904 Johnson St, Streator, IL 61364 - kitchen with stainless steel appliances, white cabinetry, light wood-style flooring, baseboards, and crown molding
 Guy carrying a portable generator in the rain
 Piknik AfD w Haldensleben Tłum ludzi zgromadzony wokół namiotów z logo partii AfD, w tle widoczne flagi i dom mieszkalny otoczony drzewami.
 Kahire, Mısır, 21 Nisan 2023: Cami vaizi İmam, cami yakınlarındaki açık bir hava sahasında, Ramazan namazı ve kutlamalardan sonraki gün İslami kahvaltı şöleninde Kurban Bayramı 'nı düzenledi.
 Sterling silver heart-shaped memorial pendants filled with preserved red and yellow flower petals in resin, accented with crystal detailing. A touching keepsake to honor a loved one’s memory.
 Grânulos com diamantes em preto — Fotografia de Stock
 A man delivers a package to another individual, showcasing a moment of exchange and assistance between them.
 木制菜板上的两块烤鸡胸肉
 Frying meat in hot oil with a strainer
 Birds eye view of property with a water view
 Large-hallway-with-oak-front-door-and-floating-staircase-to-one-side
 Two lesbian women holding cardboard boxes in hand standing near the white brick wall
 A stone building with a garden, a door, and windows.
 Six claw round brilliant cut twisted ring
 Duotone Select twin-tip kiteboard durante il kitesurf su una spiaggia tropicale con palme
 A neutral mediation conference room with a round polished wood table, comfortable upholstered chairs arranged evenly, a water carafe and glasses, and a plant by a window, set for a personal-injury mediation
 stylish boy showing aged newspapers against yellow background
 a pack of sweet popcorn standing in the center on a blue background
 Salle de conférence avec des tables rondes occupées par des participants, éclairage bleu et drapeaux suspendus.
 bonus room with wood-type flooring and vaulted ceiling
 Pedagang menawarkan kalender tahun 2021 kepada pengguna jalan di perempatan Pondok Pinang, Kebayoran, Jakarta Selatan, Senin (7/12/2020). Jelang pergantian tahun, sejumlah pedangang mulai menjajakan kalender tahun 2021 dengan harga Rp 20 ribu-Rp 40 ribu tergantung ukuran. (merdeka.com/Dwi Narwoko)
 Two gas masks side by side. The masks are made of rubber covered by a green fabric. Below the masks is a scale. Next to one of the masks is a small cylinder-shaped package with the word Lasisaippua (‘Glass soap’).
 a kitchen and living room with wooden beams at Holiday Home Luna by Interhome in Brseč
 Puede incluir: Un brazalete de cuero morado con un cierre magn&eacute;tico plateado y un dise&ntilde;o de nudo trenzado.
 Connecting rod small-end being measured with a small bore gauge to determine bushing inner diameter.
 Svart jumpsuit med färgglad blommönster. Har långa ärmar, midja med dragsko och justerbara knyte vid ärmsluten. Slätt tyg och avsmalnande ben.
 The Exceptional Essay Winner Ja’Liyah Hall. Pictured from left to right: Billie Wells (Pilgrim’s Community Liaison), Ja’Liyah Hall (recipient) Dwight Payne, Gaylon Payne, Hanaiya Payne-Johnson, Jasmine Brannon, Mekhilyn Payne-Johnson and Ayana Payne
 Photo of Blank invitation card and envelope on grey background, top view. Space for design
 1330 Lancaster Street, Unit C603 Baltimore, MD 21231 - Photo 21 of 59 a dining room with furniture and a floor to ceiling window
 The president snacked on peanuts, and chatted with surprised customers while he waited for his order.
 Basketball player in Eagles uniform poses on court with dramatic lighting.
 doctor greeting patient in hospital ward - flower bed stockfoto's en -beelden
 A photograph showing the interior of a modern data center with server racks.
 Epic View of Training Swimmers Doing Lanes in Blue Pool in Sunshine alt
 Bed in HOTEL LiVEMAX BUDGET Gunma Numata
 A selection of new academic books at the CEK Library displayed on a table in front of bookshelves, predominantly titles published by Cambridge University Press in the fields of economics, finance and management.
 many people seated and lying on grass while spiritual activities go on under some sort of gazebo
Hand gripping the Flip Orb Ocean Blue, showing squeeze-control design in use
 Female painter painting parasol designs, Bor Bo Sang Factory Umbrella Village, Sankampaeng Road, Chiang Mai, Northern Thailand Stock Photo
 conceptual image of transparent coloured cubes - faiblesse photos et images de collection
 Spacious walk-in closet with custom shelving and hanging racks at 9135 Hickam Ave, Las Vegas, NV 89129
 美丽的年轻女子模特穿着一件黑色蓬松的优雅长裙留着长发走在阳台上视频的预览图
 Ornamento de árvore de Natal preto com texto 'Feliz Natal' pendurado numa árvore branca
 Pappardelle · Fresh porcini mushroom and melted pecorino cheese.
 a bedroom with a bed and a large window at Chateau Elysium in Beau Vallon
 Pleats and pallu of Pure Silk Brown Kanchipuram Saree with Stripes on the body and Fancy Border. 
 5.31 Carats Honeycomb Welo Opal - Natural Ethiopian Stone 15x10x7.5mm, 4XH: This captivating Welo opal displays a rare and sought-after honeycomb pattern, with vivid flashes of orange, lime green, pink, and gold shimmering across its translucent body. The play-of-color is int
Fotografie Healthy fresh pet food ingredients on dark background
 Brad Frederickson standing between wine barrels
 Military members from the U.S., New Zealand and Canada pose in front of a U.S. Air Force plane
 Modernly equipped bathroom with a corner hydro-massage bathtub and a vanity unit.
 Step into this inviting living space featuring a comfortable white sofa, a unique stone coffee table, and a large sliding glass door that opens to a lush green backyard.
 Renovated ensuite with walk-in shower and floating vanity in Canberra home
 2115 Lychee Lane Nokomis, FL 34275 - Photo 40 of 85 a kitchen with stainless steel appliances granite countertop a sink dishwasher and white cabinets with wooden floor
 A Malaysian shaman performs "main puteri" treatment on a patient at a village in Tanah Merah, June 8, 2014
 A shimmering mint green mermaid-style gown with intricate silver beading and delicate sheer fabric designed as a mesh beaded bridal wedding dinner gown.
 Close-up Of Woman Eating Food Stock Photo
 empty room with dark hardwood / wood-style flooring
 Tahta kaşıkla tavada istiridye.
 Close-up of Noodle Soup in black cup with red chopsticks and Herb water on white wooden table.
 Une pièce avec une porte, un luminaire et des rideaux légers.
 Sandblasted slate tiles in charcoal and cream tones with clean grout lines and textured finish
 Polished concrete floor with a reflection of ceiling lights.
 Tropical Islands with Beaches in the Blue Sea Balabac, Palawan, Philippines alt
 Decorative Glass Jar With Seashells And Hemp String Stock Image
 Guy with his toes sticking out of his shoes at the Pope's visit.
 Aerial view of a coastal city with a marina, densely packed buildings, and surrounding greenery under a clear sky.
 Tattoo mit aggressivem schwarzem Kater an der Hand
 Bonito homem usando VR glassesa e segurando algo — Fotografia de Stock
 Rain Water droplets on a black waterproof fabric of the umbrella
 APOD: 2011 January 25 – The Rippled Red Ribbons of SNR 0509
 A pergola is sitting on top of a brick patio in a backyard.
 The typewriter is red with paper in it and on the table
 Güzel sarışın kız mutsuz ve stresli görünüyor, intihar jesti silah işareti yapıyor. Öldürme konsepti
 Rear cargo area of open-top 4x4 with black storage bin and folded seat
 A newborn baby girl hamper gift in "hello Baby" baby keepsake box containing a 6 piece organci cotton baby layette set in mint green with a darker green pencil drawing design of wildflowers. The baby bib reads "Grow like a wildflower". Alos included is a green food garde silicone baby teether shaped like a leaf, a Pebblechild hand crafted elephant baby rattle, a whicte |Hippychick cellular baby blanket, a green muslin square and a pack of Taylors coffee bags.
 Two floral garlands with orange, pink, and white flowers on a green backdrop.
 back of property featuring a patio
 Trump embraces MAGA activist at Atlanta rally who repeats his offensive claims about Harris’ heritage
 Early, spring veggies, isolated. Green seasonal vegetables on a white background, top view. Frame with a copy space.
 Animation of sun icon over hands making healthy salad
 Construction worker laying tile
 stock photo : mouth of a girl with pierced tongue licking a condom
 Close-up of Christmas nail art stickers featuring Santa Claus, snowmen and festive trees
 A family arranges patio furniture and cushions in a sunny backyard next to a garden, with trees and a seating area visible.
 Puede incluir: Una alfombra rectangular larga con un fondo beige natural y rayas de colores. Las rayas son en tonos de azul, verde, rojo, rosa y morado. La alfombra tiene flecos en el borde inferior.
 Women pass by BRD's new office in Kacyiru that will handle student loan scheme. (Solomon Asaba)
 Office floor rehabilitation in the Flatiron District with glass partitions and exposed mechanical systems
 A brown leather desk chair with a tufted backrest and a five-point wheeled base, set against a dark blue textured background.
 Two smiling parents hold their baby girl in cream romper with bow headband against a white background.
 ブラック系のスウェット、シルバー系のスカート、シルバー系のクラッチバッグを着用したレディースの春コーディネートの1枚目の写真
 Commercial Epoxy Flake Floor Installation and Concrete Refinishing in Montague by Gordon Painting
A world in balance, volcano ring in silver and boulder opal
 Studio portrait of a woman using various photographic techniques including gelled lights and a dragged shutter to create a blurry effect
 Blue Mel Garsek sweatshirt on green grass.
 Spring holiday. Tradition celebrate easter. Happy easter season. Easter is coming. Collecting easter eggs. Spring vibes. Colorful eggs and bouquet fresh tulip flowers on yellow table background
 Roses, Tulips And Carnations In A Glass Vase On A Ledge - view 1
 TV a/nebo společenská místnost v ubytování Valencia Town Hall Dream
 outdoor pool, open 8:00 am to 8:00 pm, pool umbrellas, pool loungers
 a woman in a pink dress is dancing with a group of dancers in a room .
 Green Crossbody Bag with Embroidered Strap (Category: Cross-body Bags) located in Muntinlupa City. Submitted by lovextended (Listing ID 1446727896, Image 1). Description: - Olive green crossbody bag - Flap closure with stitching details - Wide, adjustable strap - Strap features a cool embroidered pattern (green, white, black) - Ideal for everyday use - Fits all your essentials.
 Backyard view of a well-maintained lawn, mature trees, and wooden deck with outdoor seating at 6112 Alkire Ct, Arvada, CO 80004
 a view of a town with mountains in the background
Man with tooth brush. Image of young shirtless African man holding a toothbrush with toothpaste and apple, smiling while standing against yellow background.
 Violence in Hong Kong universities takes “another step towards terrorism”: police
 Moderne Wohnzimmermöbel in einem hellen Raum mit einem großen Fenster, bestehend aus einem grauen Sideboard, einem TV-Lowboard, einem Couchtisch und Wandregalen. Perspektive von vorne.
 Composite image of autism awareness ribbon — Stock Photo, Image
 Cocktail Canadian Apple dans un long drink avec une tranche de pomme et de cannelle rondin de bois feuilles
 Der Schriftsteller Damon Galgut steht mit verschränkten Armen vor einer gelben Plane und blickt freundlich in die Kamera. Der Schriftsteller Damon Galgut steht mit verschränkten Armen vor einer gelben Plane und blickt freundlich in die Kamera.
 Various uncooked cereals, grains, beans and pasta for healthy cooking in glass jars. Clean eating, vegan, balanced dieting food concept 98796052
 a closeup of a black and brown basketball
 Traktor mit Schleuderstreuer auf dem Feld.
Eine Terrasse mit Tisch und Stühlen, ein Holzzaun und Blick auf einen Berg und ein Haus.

**Prompt**
Among the lines of the material above, count those that include "ceiling" and report that number alone.

**Problem solution**
3